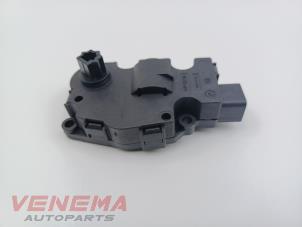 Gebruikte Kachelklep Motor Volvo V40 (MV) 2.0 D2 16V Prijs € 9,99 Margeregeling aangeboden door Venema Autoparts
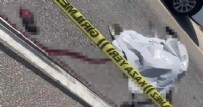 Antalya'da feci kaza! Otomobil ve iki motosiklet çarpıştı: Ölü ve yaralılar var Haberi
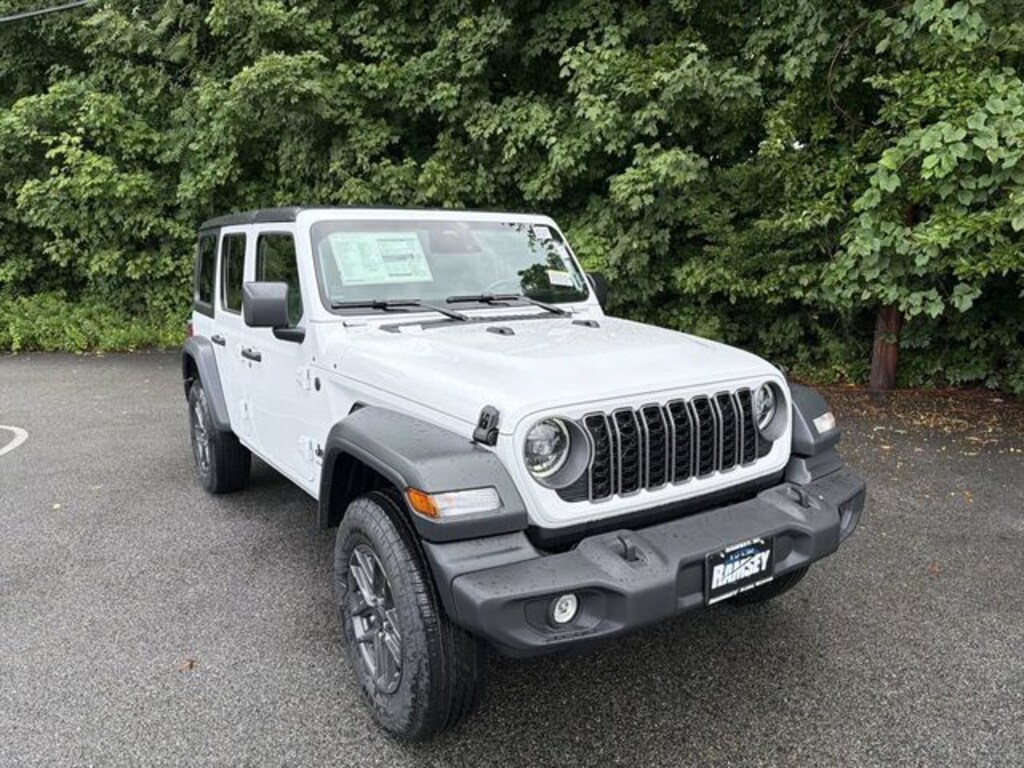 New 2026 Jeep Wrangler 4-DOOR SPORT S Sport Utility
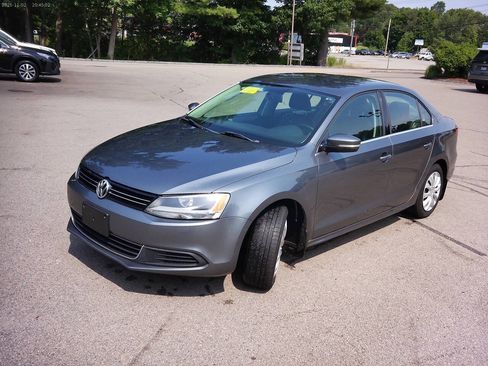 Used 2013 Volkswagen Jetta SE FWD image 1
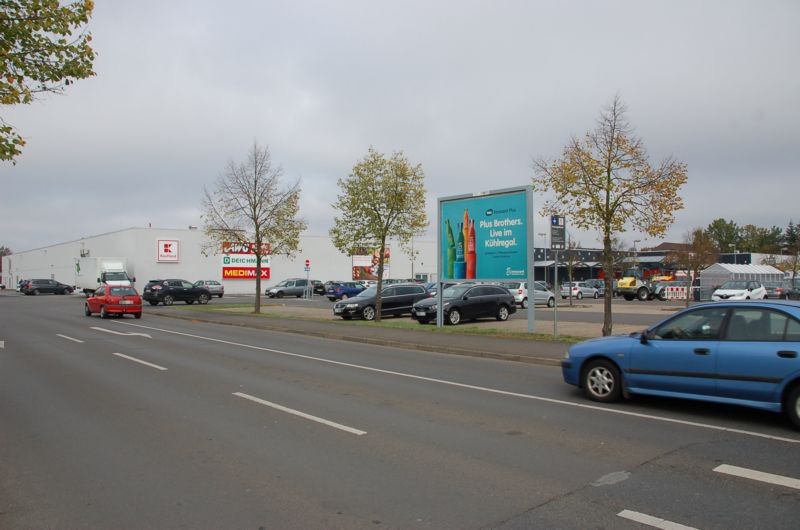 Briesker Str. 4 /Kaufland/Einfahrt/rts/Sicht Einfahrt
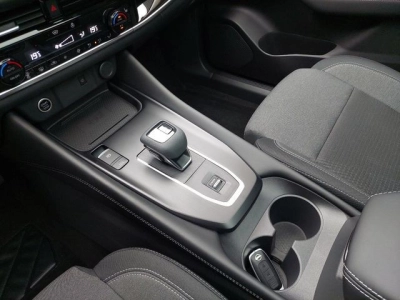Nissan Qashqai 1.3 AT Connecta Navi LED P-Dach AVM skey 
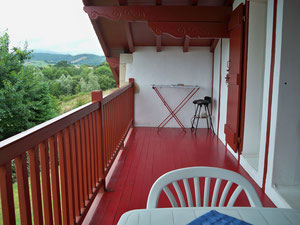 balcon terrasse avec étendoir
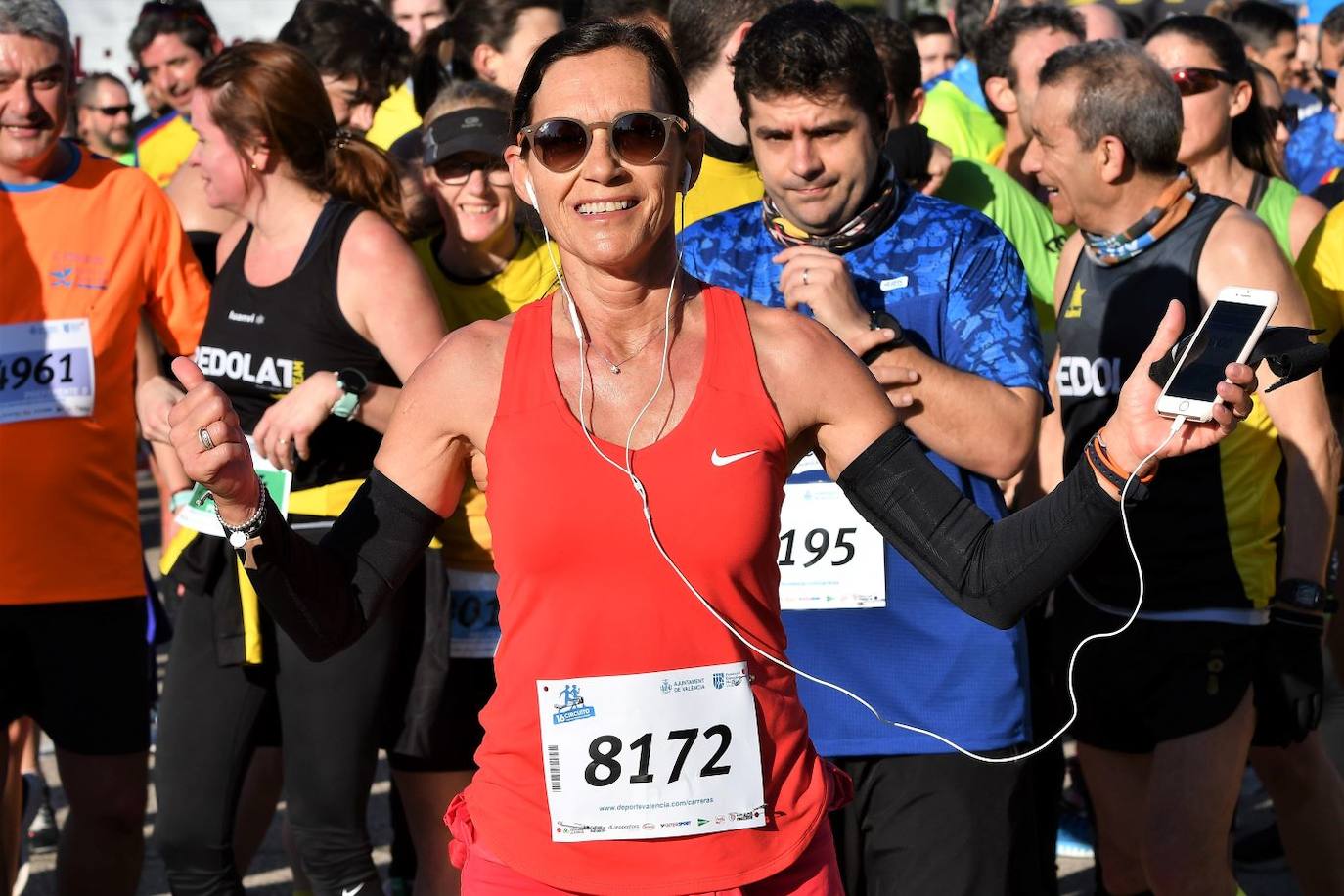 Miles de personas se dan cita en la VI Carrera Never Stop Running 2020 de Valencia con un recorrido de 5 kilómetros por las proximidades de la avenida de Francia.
==================================================
* _AIM OF THE EXERCISE_: Every line of the material should be repeated precisely; pictures are to be excluded.

* _YOUR SOLUTION_:
 Gebruikte Kachelklep Motor Volvo V40 (MV) 2.0 D2 16V Prijs € 9,99 Margeregeling aangeboden door Venema Autoparts
 Antalya'da feci kaza! Otomobil ve iki motosiklet çarpıştı: Ölü ve yaralılar var Haberi
 New 2026 Jeep Wrangler 4-DOOR SPORT S Sport Utility
 Used 2013 Volkswagen Jetta SE FWD image 1
 Briesker Str. 4 /Kaufland/Einfahrt/rts/Sicht Einfahrt
Nissan Qashqai 1.3 AT Connecta Navi LED P-Dach AVM skey 
 balcon terrasse avec étendoir
 Miles de personas se dan cita en la VI Carrera Never Stop Running 2020 de Valencia con un recorrido de 5 kilómetros por las proximidades de la avenida de Francia.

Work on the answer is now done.